▶ Task goal
Exact copy, no pictures: restate each entry below word for word.

Pictures with short captions

# # # #

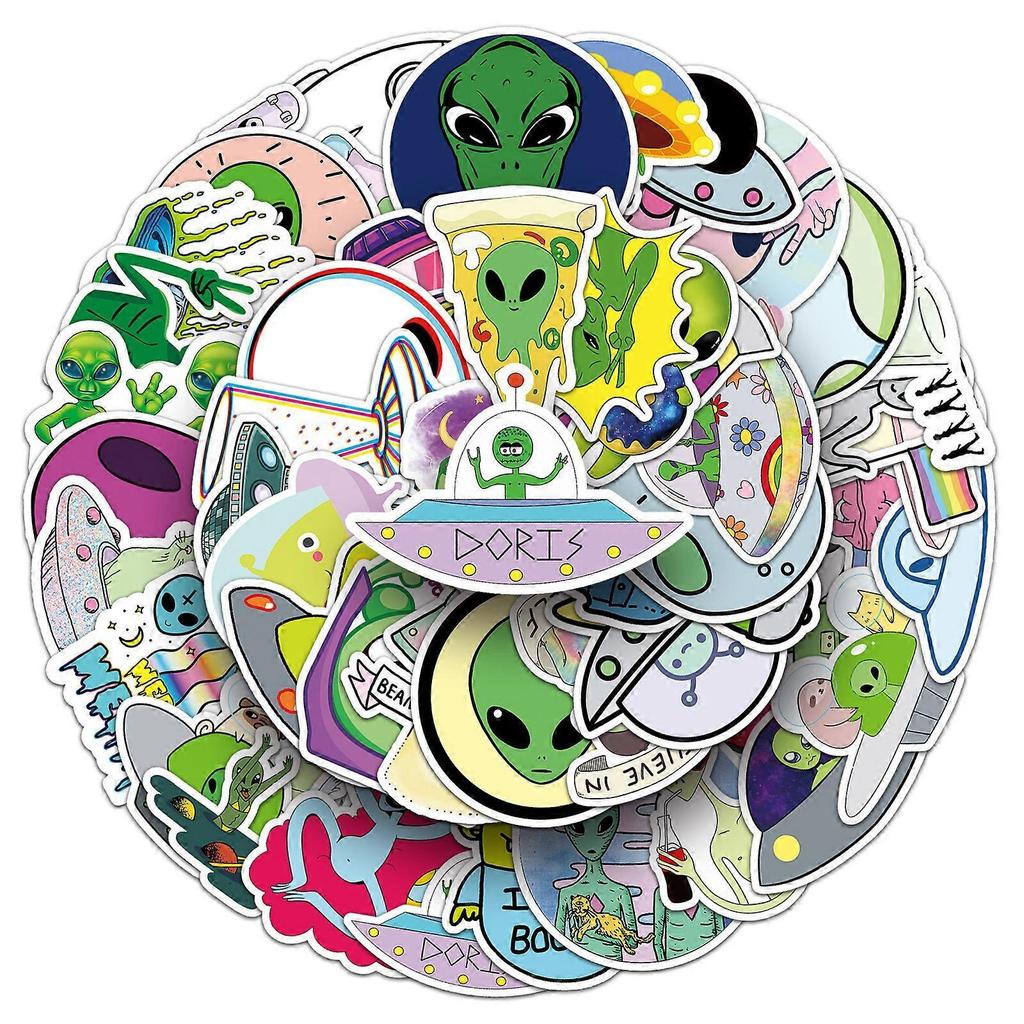 50 Alien Doodle Cartoon UFO Stickers - Waterproof DIY Journal, Skateboard, and Luggage Stickers
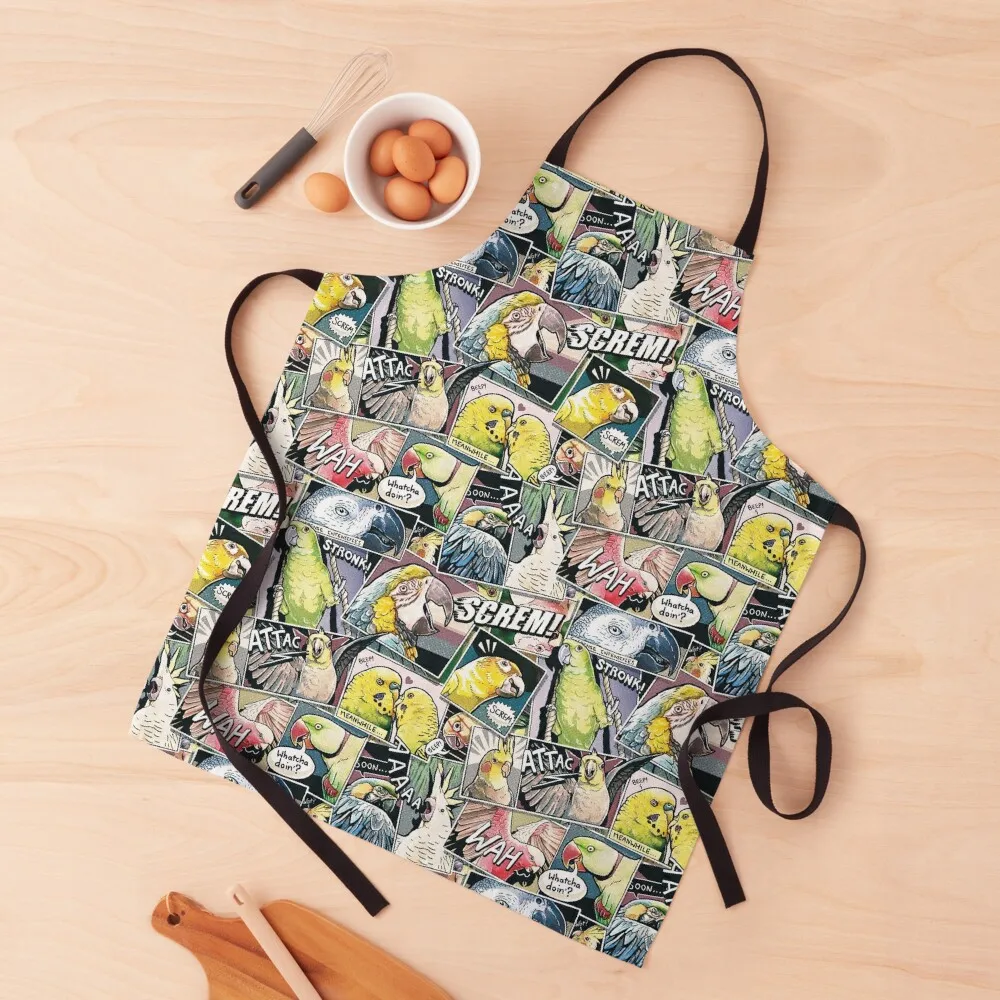 Parrots Comic Style Apron Waterproof with personal logo Apron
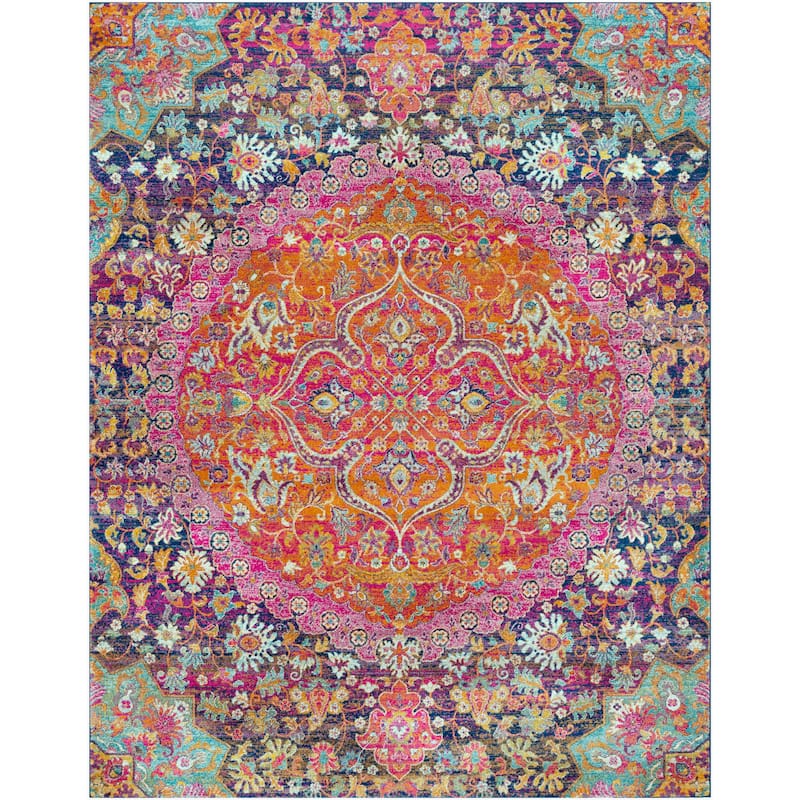 Livabliss Roanoke Pink & Purple Medallion Runner Rug - 2' 7" x 7' 3"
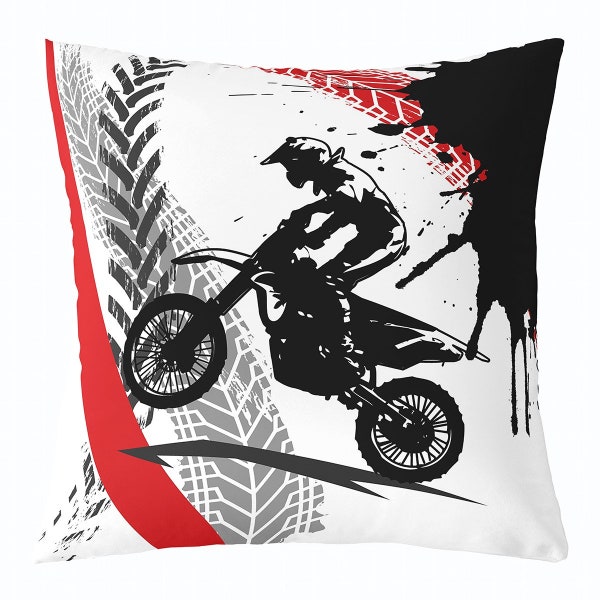 Motorcycle Pillow Cover, Extreme Sports Motocross Rider Silhouette Pillow Case Cover, Dirt Bike Tyre Hippie Graffiti Cushion Cover, Handmade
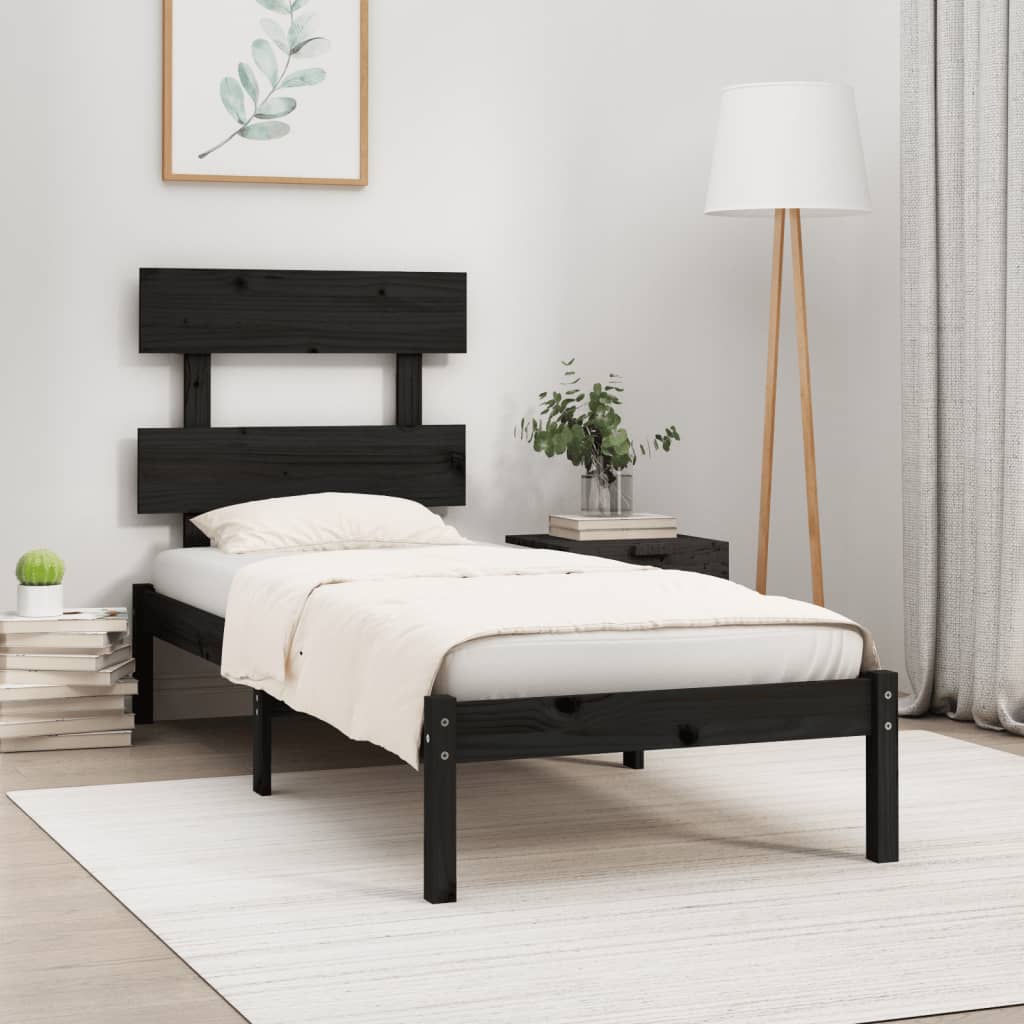 Solid Wood Black Bed Frame 100x200 cm - No Mattress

# # # #

▶ Response for this exercise
 50 Alien Doodle Cartoon UFO Stickers - Waterproof DIY Journal, Skateboard, and Luggage Stickers
 Parrots Comic Style Apron Waterproof with personal logo Apron
 Livabliss Roanoke Pink & Purple Medallion Runner Rug - 2' 7" x 7' 3"
 Motorcycle Pillow Cover, Extreme Sports Motocross Rider Silhouette Pillow Case Cover, Dirt Bike Tyre Hippie Graffiti Cushion Cover, Handmade
 Solid Wood Black Bed Frame 100x200 cm - No Mattress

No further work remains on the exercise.